Só nos últimos cinco anos, segundo dados da Entidade Reguladora dos Serviços Energéticos (ERSE) citados pelo Jornal de Notícias, o preço das garrafas de butano e propano registou subidas que rondam os 36% e 28%, respetivamente.
Impostos pesam mais que o produto
O impacto no bolso das famílias não se deve apenas às flutuações do mercado. De acordo com a Associação Nacional de Revendedores de Combustíveis, o aumento contínuo da carga fiscal é a principal responsável pelo encarecimento.
O presidente da associação, João Durão, detalha que numa garrafa vendida entre 30 e 35 euros, mais de 10 euros correspondem a impostos, incluindo o Imposto sobre os Produtos Petrolíferos (ISP) e o IVA à taxa de 23%. Só o ISP representa cerca de três euros por garrafa e tem vindo a crescer gradualmente.
Segundo a mesma associação, a situação é particularmente difícil para as famílias do interior e para os consumidores com menores recursos, pelo que defendem que o gás engarrafado seja tratado como um bem de primeira necessidade, com redução do IVA para 6% e eliminação do ISP.
Comparação com Espanha e limitações legais
A diferença em relação a Espanha agrava ainda mais a pressão sobre os consumidores portugueses. No país vizinho, o gás engarrafado é tabelado e subsidiado pelo Governo.
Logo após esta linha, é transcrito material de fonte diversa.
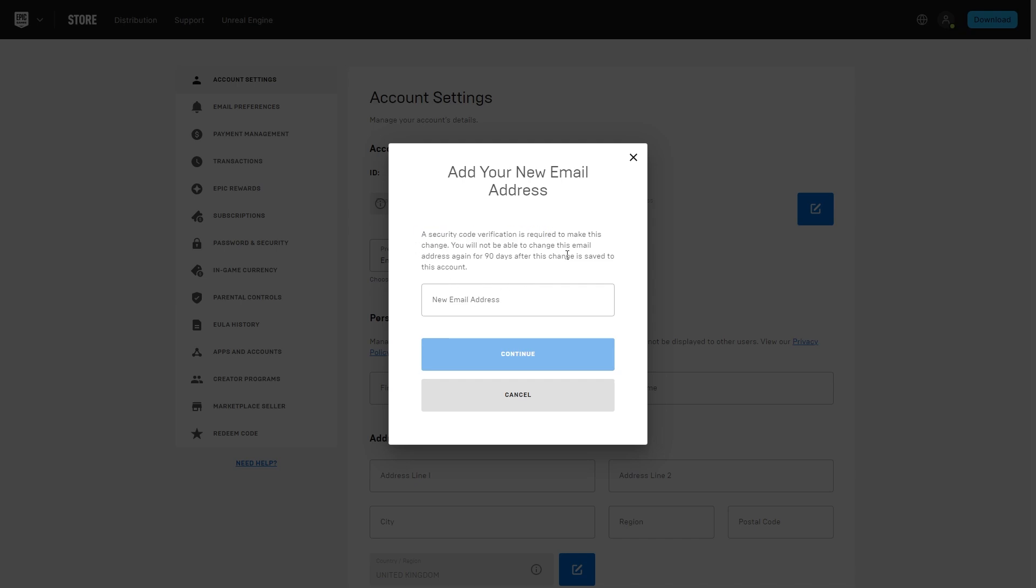So what that means is when you put your email in here and click continue, you will then get sent a verification code which you can then put in. And once you have successfully done that, that means you have then verified your email on Epic Games.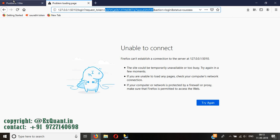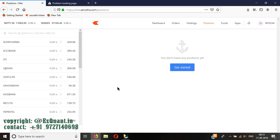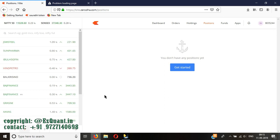I have started the algorithm and it is going to start trading for me from 9:15 in the morning. This is the most flexible feature that we offer — you can start the algo at any time you want and it is going to start trading for you as soon as the market opens. The market has opened and the algorithm software will start trading shortly.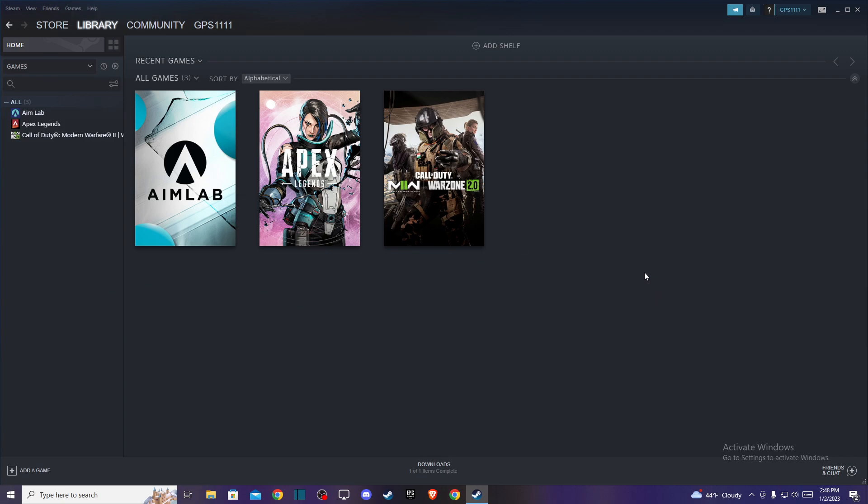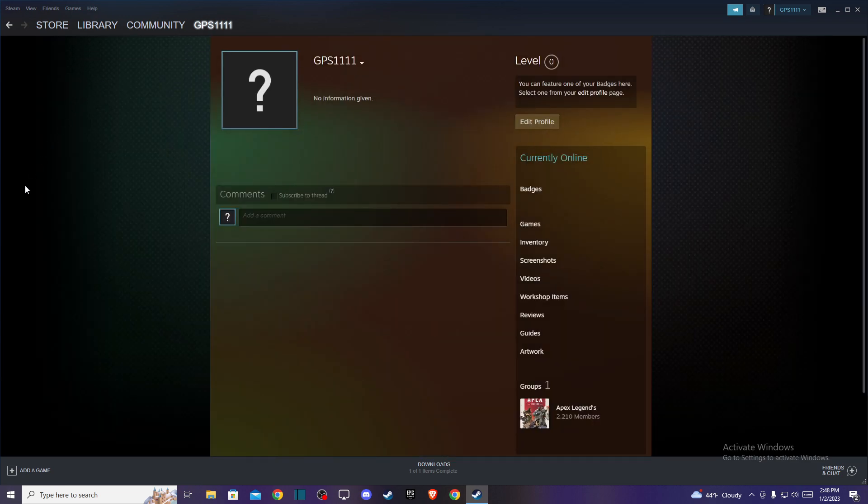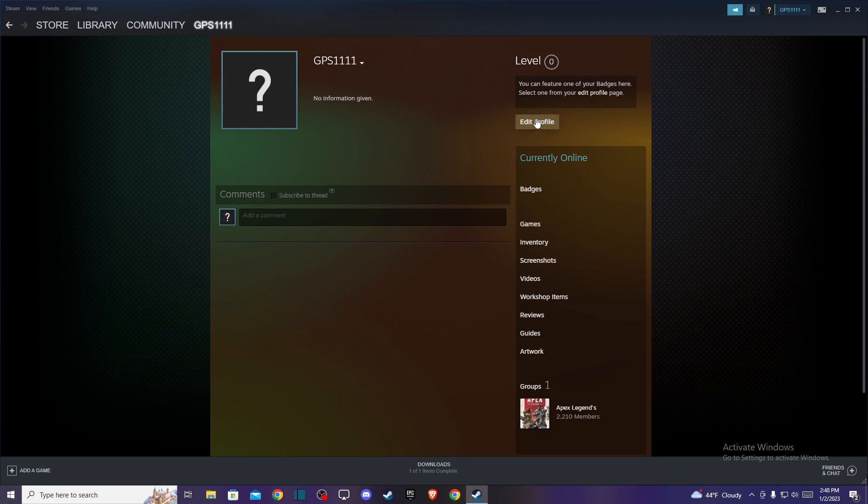And the next step what you need to do here, you need to hover your mouse on username and then click on profile. Then you'll be redirected to another page and you need to press on the right side, you should see edit profile button.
Em janeiro, de 2025, uma garrafa de 12,5 quilos custava 15,46 euros, com preços fixados pelas autoridades espanholas.
Além disso, limitações legais em Portugal restringem o armazenamento de garrafas por parte dos revendedores a 20 unidades, enquanto noutros países, como França e Espanha, este limite pode chegar às 60.
De acordo com João Durão, esta limitação aumenta os custos logísticos e impede reduções no preço final, algo que a legislação prometida ainda não resolveu.
Política energética e consequências para os consumidores
O setor critica igualmente os incentivos governamentais à substituição de equipamentos a gás por soluções elétricas, considerando que obrigam à troca de equipamentos ainda funcionais e podem resultar em faturas mais elevadas.
Segundo Durão, os aumentos de impostos e alterações legislativas têm sido muitas vezes justificados pelo Governo com imposições da União Europeia, algo que a associação rejeita.
No plano político, o PCP tem vindo a propor a tabelização do preço do gás engarrafado, sugerindo que cada garrafa passe a custar 20 euros.
A deputada Paula Santos afirmou ao Jornal de Notícias que o gás deve ser considerado um bem essencial e que a subida de preços não se explica apenas pelos impostos, apontando também para margens de lucro elevadas por parte de grandes grupos económicos.
Impacto no dia a dia das famílias
Entre impostos, limites de armazenamento e diferenças com países vizinhos, o gás engarrafado em Portugal tornou-se um bem cada vez mais caro, com impacto direto nas famílias, sobretudo durante os meses de inverno, quando a procura por aquecimento e conforto doméstico é maior, segundo a ERSE.